WHAT IS REQUIRED ▸ Starting at the line with "Produktbild: Tauchen im", retype every remaining line of the records exactly. Do not include pictures.

Short text fragments from websites
_ _ _ _ _
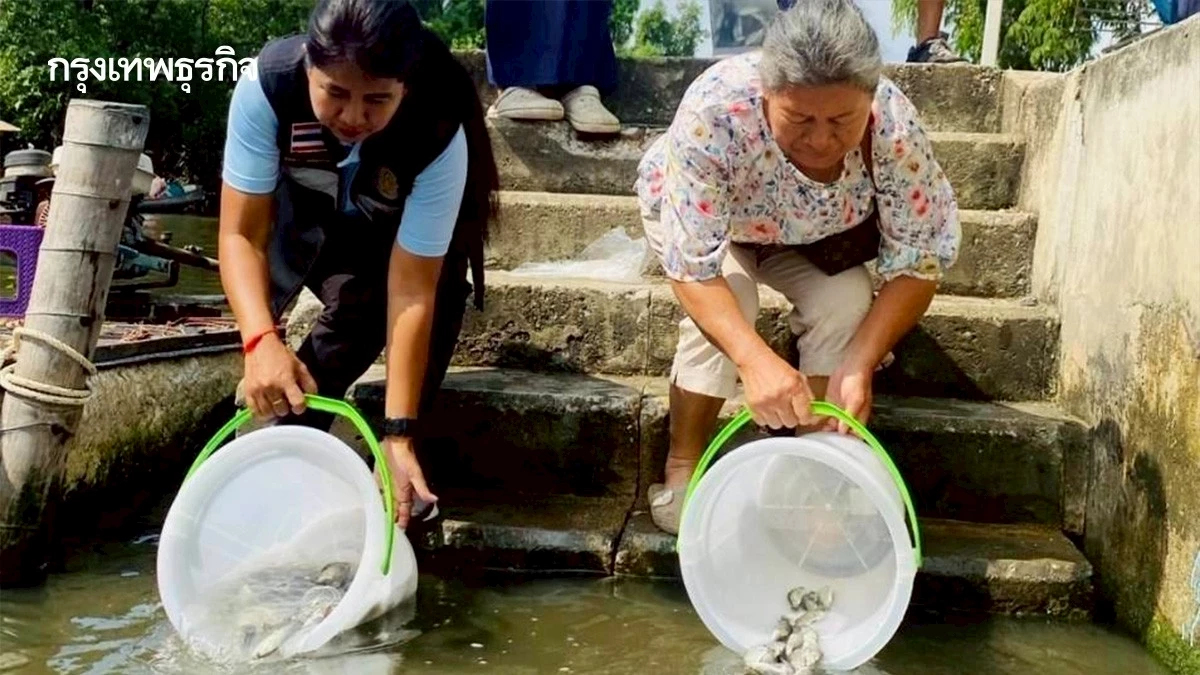 กรมประมง ปล่อย 'ปลานักล่า' ต่อเนื่อง บูรณาการคุมเข้ม 'ปลาหมอคางดำ'
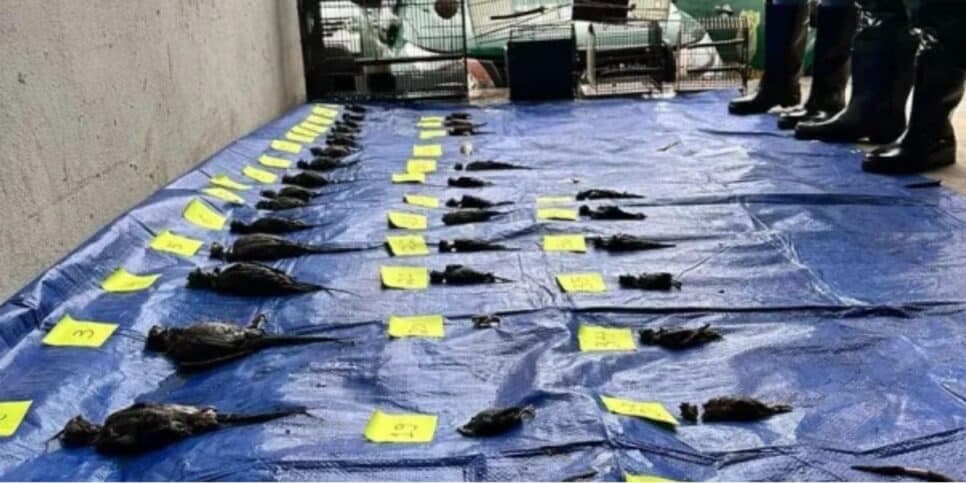 Corpos dos animais retirados da loja
(Imagem: Reprodução/Polícia Civil) Corpos dos animais retirados da loja
(Imagem: Reprodução/Polícia Civil)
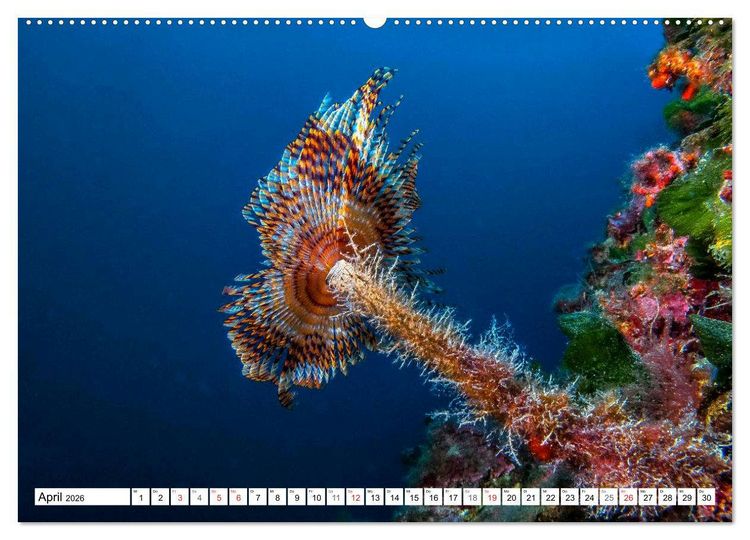 Produktbild: Tauchen im Mittelmeer (hochwertiger Premium Wandkalender 2026 DIN A2 quer), Kunstdruck in Hochglanz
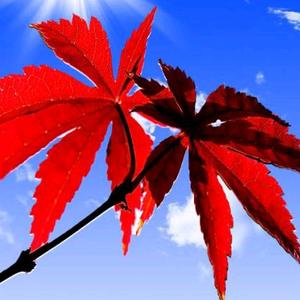 忆往昔,醉清风头像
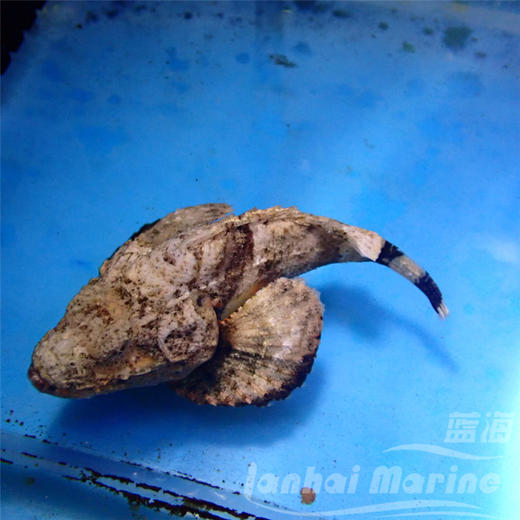 驼背石头鱼 商品图3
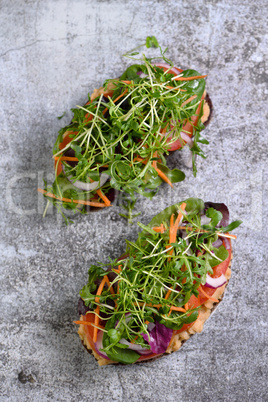 Vegetarian toast with microgreen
_ _ _ _ _
FINISHED TASK ▸
 Produktbild: Tauchen im Mittelmeer (hochwertiger Premium Wandkalender 2026 DIN A2 quer), Kunstdruck in Hochglanz
 忆往昔,醉清风头像
 驼背石头鱼 商品图3
 Vegetarian toast with microgreen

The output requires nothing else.